We want to shout it from the rooftops – We officially launched our sustainability journey! With any effort, there are twists, turns and teachable moments. Here, Hosts Global Alliance President Marty MacKay, DMCP, shares what we learned when planning our annual Hosts Global Forum with sustainable practices.
Q: Producing sustainable events is no small feat. What were Hosts Global’s first steps?
Our first step was to find and align with a company and software that would guide us in becoming compliant with the ISO sustainability standards and become a trusted advisor. They helped us take the first steps, prioritize, and most importantly, make the process less daunting.
Q. How did you incorporate sustainability in your planning activities?
We are in the reporting phase now, measuring the impact of our sustainable efforts at the 2019 Hosts Global Forum. Some of the steps we took included:
- Engaging Hosts Global Forum stakeholders by sending out a sustainability survey a month prior to event.
- Offering refillable water bottles and hydration stations to reduce plastic waste, plus coordinating a water bottle and supply donation program.
- Organizing a corporate social responsibility activity to give back to the frontline hotel workers at the host resort, Paradisus Palma Real.
- Working with the hotel to complete a venue sustainability checklist.
- Leveraging our event app to ensure a predominantly paperless event.Our next milestone is to continue educating all our global DMC members and sharing best practices on producing sustainable events with, and for, our clients.
Our family of DMCs after an afternoon beach clean-up in Punta Cana, Dominican Republic.
Photo credit: Specialty Imaging
Q: Tell us the biggest lesson you’ve learned along the way.
It was a huge risk designating our annual Hosts Global Forum as our first measurable sustainable event. It’s important to understand that you will not be able to do everything immediately. We’ve learned that sustainability is truly a journey. Start by changing what you can now, then continue to improve.
Q: What are some of the simplest ways that planners can incorporate sustainability?
Don’t be overwhelmed. There is a good chance you are already doing more than you think. You don’t have to tackle the world all at once – start slow and work your way up.
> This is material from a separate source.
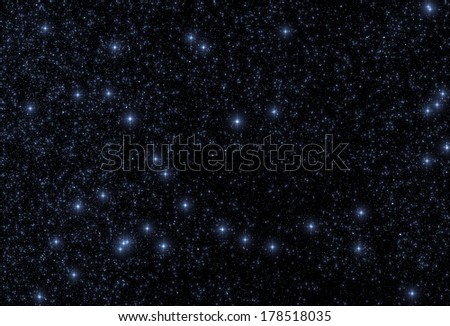 Fine shaped stars in the Milky Way on a black clipping sky. Suitable for various backgrounds.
There are really three pillars to sustainability – social, economic and environmental. That means, your corporate social responsibility activity counts! There are many small steps you can make to reduce your impact without high costs or massive changes, such as:
Align with Like-Minded Partners
Select venues and seek sponsors that are in line with your sustainability values. Booking a venue that is already engaging in sustainable methods can save your organization costs they would have had to invest in otherwise. This includes sourcing sustainable suppliers and minimizing the amount of waste by offering compost and recycling bins throughout. Look for similar ethics when seeking suppliers. Aim to increase partnerships with providers who actively consider their impact on the planet and its people.
Share That Swag
Every tradeshow is swimming in swag. Once the event is over, where do all the leftovers go? Don’t let your event’s excess promo items end up in a landfill. Instead, earmark leftover items for organizations that need them. Consider donating supplies like pens and branded notepads to schools, after-school programs, senior homes or local art centers. Get creative and think about the local organizations that could use and appreciate them.
Reduce Food Waste
Start by keeping account of the food you’re ordering for your events, compared to the amount that is actually served and consumed. This includes taking count of how many plated meals were leftover or how many buffet stations weren’t served. Don’t overlook breakout F&B, like snack breaks. Use this data to drive your orders for future events and avoid over-ordering.
Learn & Share the Signs of Human Trafficking
Sustainability is more than just seeking eco-friendly solutions. Today, sustainable goals include protecting both people AND the planet.
You might assume the horrors of human and sex trafficking are confined to dark alleys and remote places. In reality, much of this “industry” occurs where meeting and event planners hold events – in hotels and resorts. This puts meeting and planning staff in a special position to spot and report potential trafficking. First, learn to recognize the signs of human trafficking suggested by EPCAT-USA, an anti-trafficking organization that works with the travel industry. Then, consider making human and child exploitation an education topic at your event to amplify the message to attendees. Or, donate to EPCAT-USA or other organizations to support their efforts.
Include CSR Activities That Give Back to the Local Community
We have all been a part of some remarkably unforgettable events. However, no experience is as powerful, inspiring or meaningful as giving back.
The impact of corporate social responsibility is huge, impacting not just your attendees, but entire organizations and the local community, as well! At the Hosts Global Forum in the Dominican Republic, we partnered with the Above and Beyond Foundation on their Boomerang! CSR program. Our guests nominated and voted for hotel employees that gave exemplary service, and on the final day we awarded five employees with grants.
As the carbon footprint of the meetings and travel industry increases, so does our obligation to reduce our impact on our planet and its people. Together, let’s take the first steps to conscious practices for our events.